Closed jon-chuang closed 3 years ago
I could see the need for this too.
I was able to create a bootleg version of memory. I'm pickling the state and storing it by reference inside of an episode. I can then reconstruct the memory by selecting which memories. I have no idea if this idea will be tracked further by the RLLib team, though I'm an advocate for crafting your own solution.
Hi, I'm a bot from the Ray team :)
To help human contributors to focus on more relevant issues, I will automatically add the stale label to issues that have had no activity for more than 4 months.
If there is no further activity in the 14 days, the issue will be closed!
You can always ask for help on our discussion forum or Ray's public slack channel.
Hi again!
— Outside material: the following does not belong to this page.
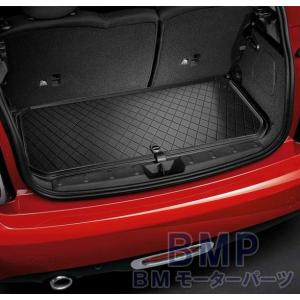 BMW MINI フロアマット F55 5 DOOR ラゲージ カーペット マット エッセンシャル ブラック オールウェザー ラバーマット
The issue will be closed because there has been no more activity in the 14 days since the last message.
Please feel free to reopen or open a new issue if you'd still like it to be addressed.
Again, you can always ask for help on our discussion forum or Ray's public slack channel.
Thanks again for opening the issue!
We should add support for various memory modules: MERLIN - buffer of memory encodings through predictive coding and retroactive updating (https://arxiv.org/pdf/1803.10760.pdf) SPTM - topological memory (graph) of vision embeddings for optimal path planning and localisation (https://arxiv.org/pdf/1803.00653.pdf) Episodic curiosity through reachability (siamese network reachability metric) (https://arxiv.org/pdf/1810.02274.pdf) Relational Memory Core - fixed-sized buffer with a recurrent transformer forward pass (https://arxiv.org/pdf/1806.01822.pdf, https://arxiv.org/pdf/1806.01830.pdf) (Relation to Capsules, transformer-XL? Difference from RNN: Transformer architecture allows arbitrary buffer sizes, but hard to tell just how many it scales to from papers)
These are all Deepmind papers :) They seem to think that memory is a vital component in future agents. IMHO, I think we should too :)
Neural Map - cheats with ground truth agent position, though this can be approximated with dead reckoning/other SLAM techniques to correct for error. However, I prefer the topological memory approach, which circumvents this. (https://arxiv.org/pdf/1702.08360.pdf)
I would be interested to see comparisons of performance in various navigation environments.